* [Short text fragments from websites]
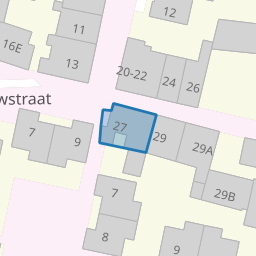 Perceel KWK01-A-8132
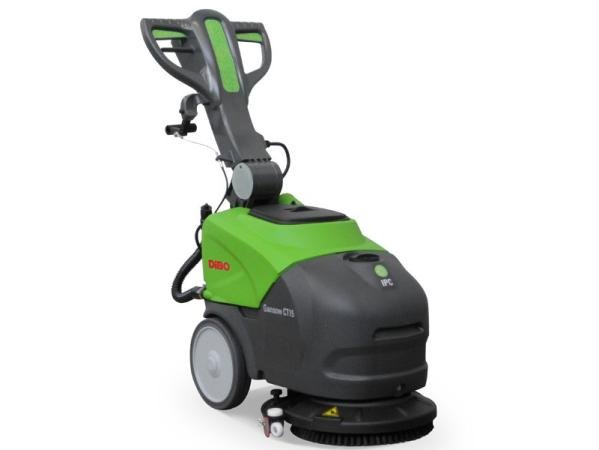 DIBO CT15-B35 BC SCRUBBER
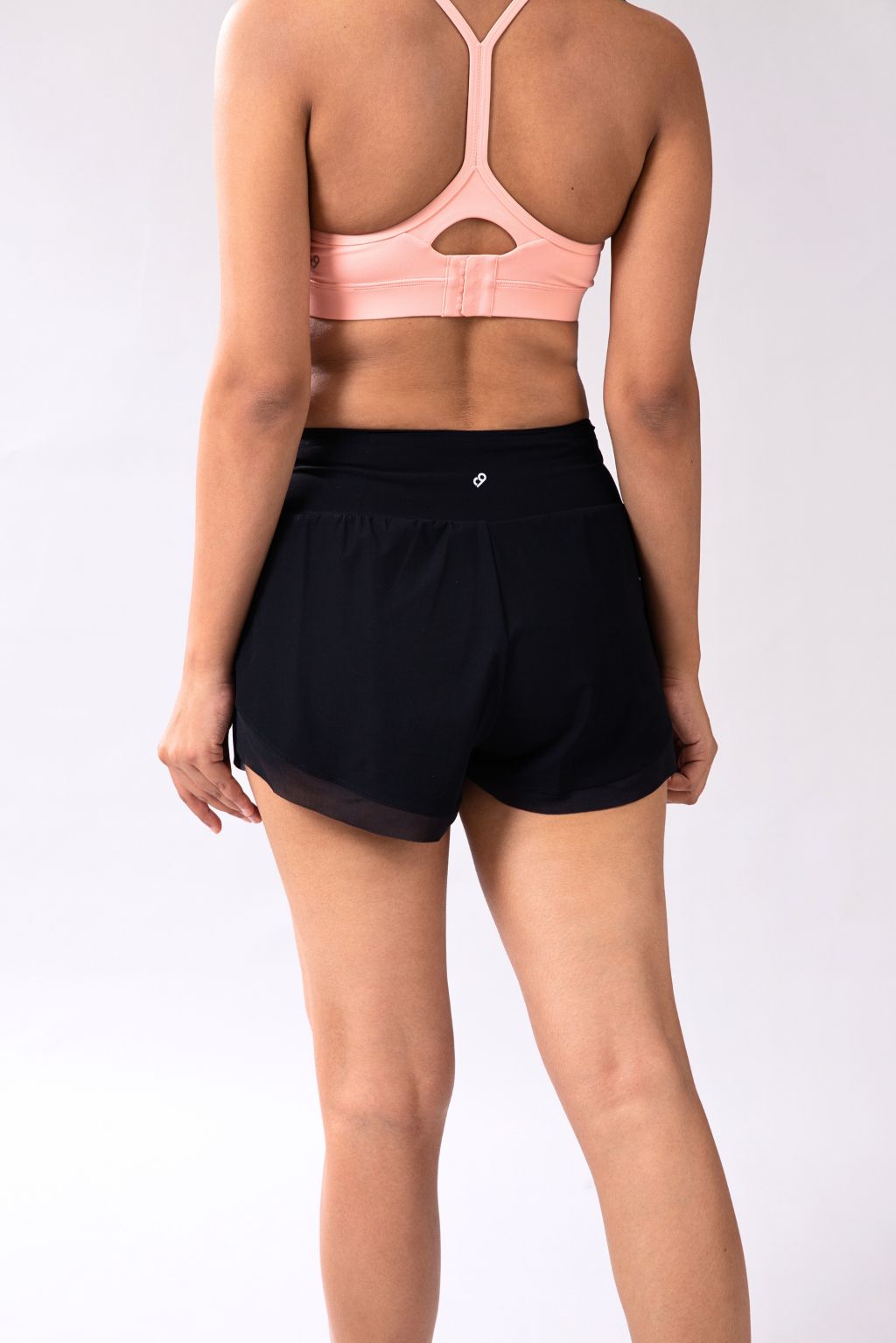 PowerPlay Shorts - Black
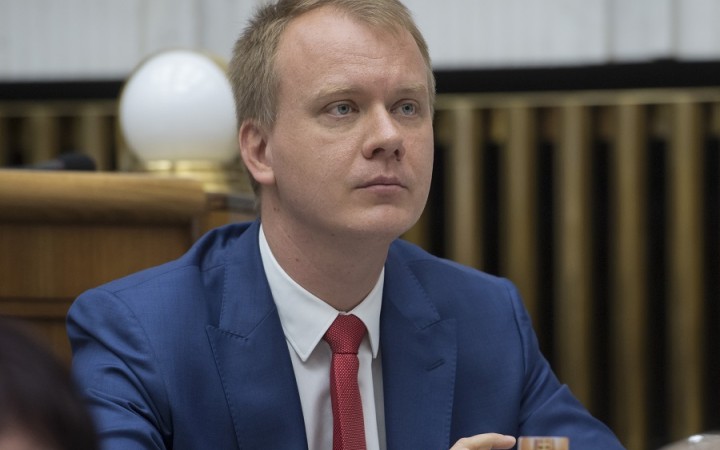Beblavý: S Lex Haščák potenciálnych partnerov nevydierame, je však prioritou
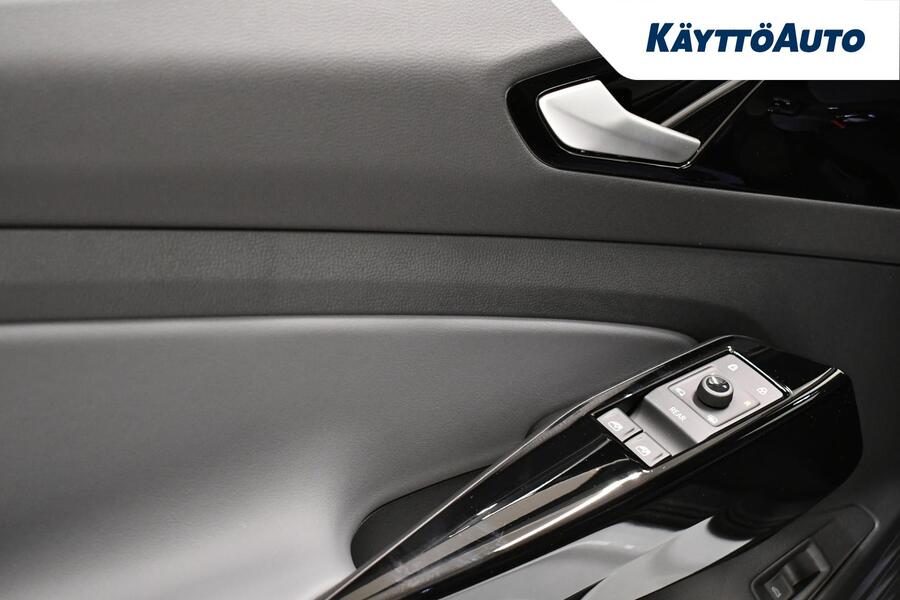 heti ajoon Volkswagen ID.4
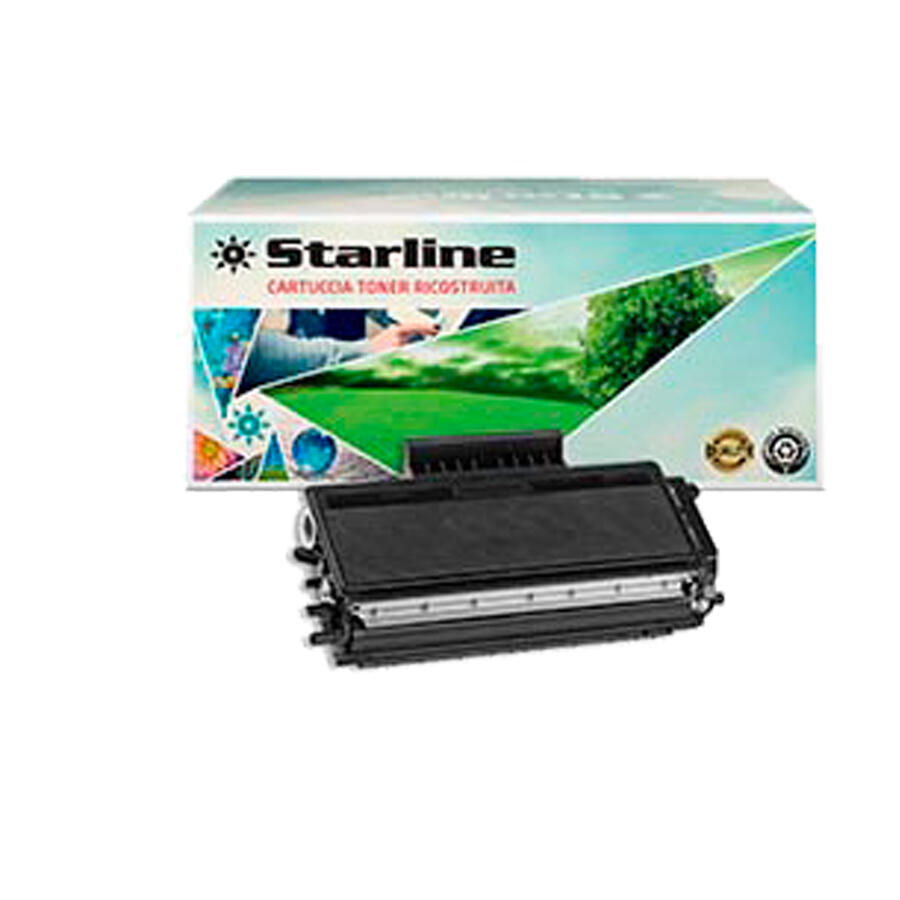 Toner Compatibile con BROTHER TN-3130 / TN-3170 STARLINE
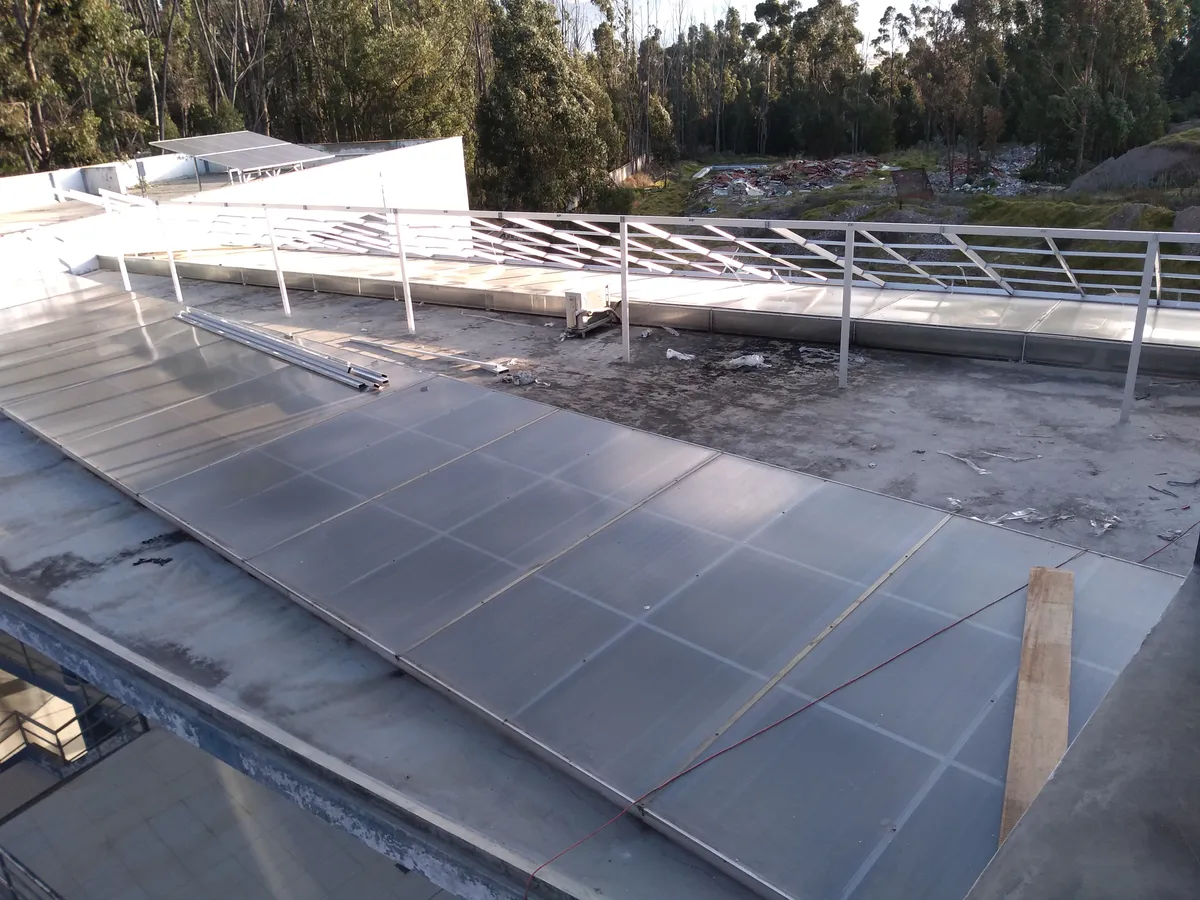 Proyecto en Universidad Nacional del Centro del Perú (UNCP)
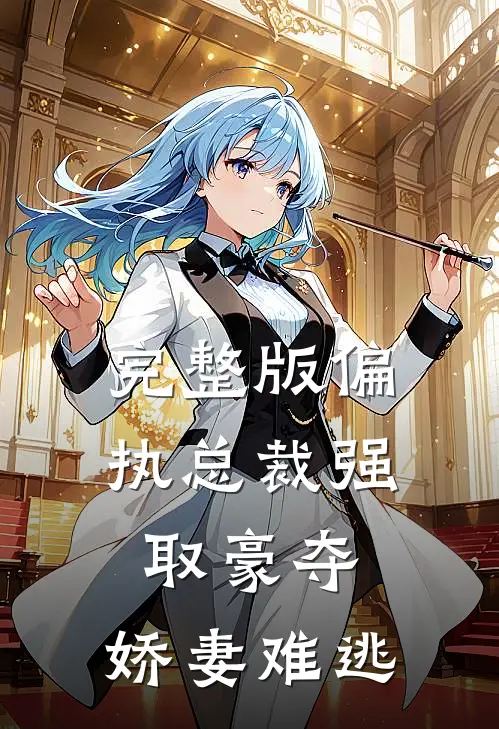 完整版偏执总裁强取豪夺：娇妻难逃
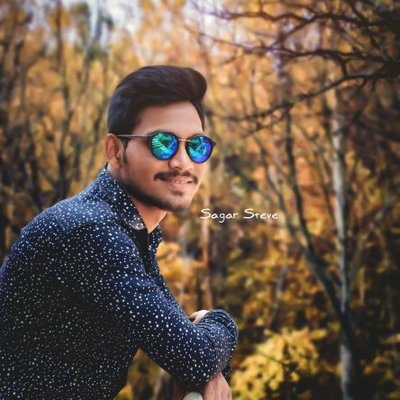 Profile Picture of Sagar Steve (@SagarSteve1) on Twitter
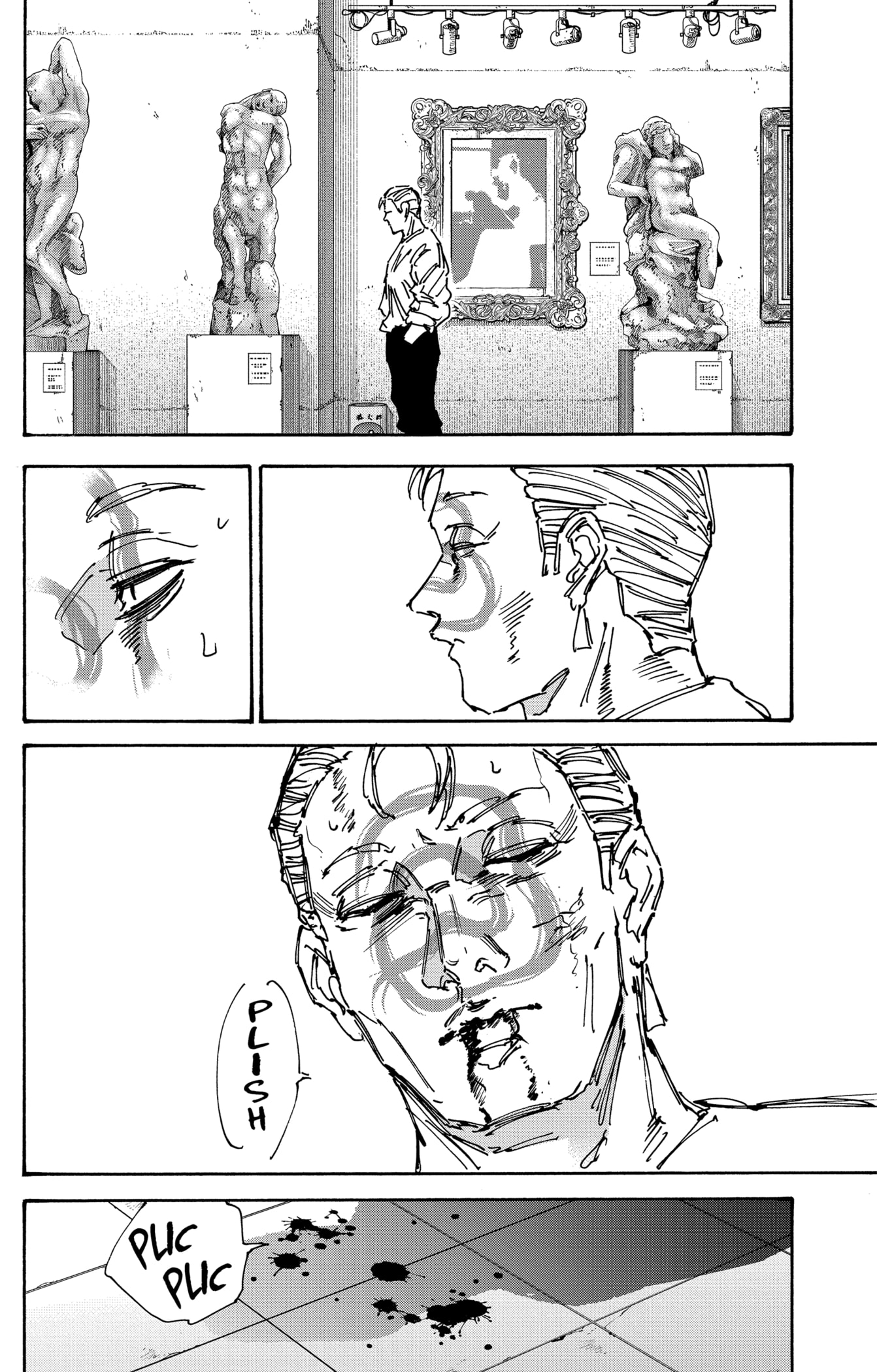 Read Sakamoto days (fr) Manga Online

* [Problem details] Transcribe all of the records above exactly; no image should appear in what you write.

* [Exercise result]
 Perceel KWK01-A-8132
 DIBO CT15-B35 BC SCRUBBER
 PowerPlay Shorts - Black
Beblavý: S Lex Haščák potenciálnych partnerov nevydierame, je však prioritou
 heti ajoon Volkswagen ID.4
 Toner Compatibile con BROTHER TN-3130 / TN-3170 STARLINE
 Proyecto en Universidad Nacional del Centro del Perú (UNCP)
 完整版偏执总裁强取豪夺：娇妻难逃
 Profile Picture of Sagar Steve (@SagarSteve1) on Twitter
 Read Sakamoto days (fr) Manga Online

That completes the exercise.